The pipe dream: A bad penny

  • By JOE MEHRKENS
  • Tuesday, December 12, 2017 6:27am
  • Opinion

Despite a $2.7 billion dollar budget deficit and Sen. Pete Kelly, R-Fairbanks, bent on spending the last of our savings, the governor is promoting sub-marginal natural gas pipeline. Described as an opportunity “whose time is come”, in reality it is massive public subsidy to China and will allow China to operate Alaska like a colony for a very long time.

The governor’s “opportunity” has very significant caveats such as “discounted prices” and “lower profits for long-term supply certainty.” This means is that we are prepared to sell our gas at fire sale prices — and relinquish control by providing a 51 to 70 percent interest to China. These are large and long-term concessions which indicate how marginal the project is.

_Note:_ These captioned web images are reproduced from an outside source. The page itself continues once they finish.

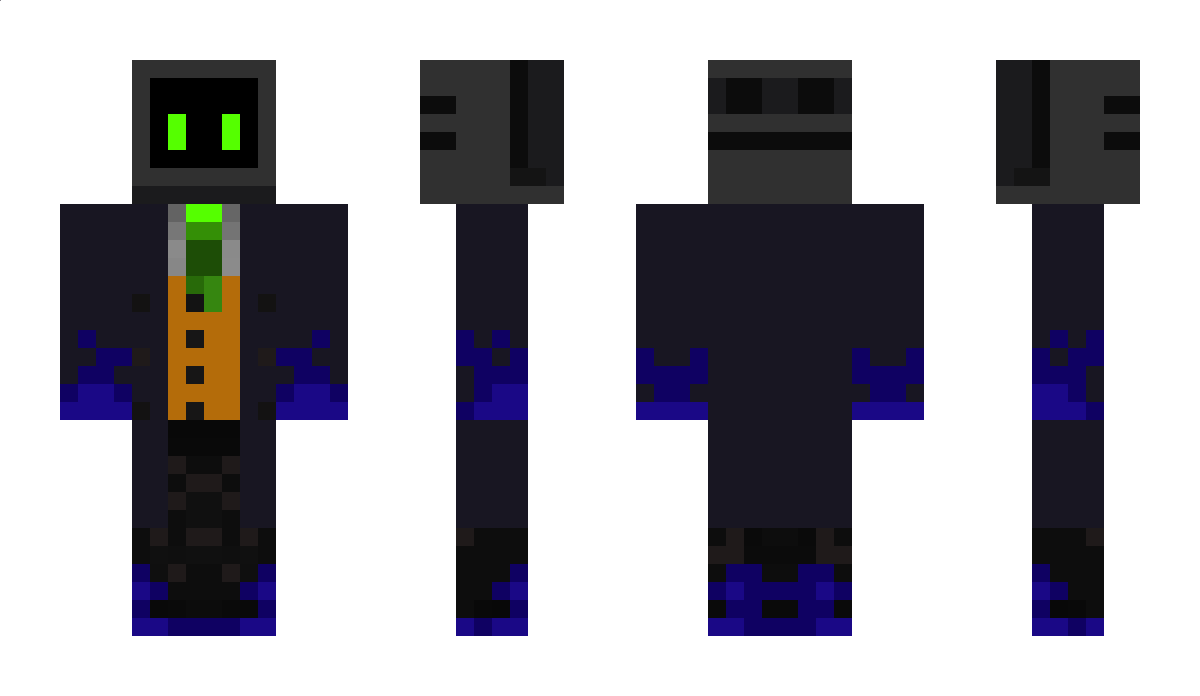 TheMonitor9065 Minecraft Skin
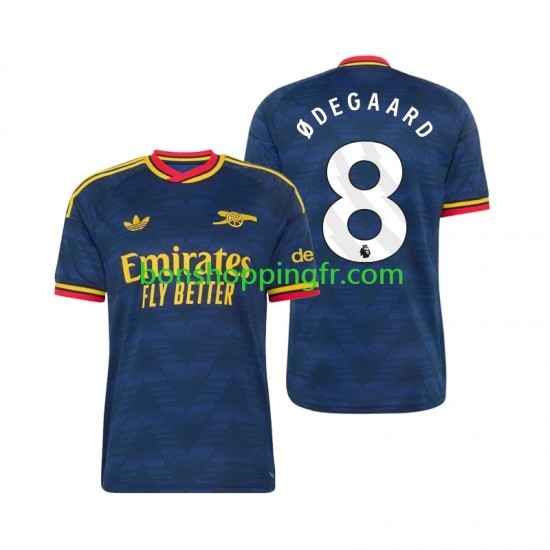 Maillot Extérieur Arsenal Martin Odegaard 8 2026-2027 Manches Courtes Homme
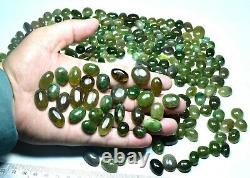 2905 Carat 257 Pièces Naturel Belle Grenat Hydrogrossulaire Cabochon Lot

The existing industry remains lukewarm to the project for good cause. Much of the gas they produce is reinjected into wells to capture more oil and global prices for gas do not cover Alaska production costs including a normal profit margin. Moreover, the existing industry has prior rights to the natural gas and the power to kill the deal. Nonetheless, the industry is circling the wagons, presumably to protect their generous tax breaks gained in Senate Bill 21.

Ironically the governor’s efforts to eliminate the fiscal gap were largely driven to protect the state’s credit rating and the ability to attract big money. Unfortunately, the $2.7 billion deficit and insufficient global markets are clearly working against this alternative. So the China “solution” is born and is moving forward — providing the Legislature makes additional funds available for further planning. That is a big ask and how to pay for the additional planning is a pick your poison proposition. We can take more from the Permanent Fund, significantly increase taxes, sacrifice even more public services, repeal the generous oil tax breaks of SB 21, and/or spend down our dwindling savings even faster.

Perhaps the silver lining in our chronic fiscal deficit is a greater public awareness of SB 21. Indeed, SB 21 was needed and has merits, but there is an urgent need to eliminate the tax breaks that are unnecessarily bleeding the state’s treasury.

Given scale of the fiscal gap and lack of compromise to close it, promoting an economically marginal mega project (with long-term Chinese oversight), is both untimely and too costly. Better to have the governor and Sen. Kelly compromise on the fiscal gap first (including amendments to SB 21) and wait for our gas becomes fully profitable — which in time it will.


• Joe Mehrkens is a retired economist who splits time between Petersburg and Juneau.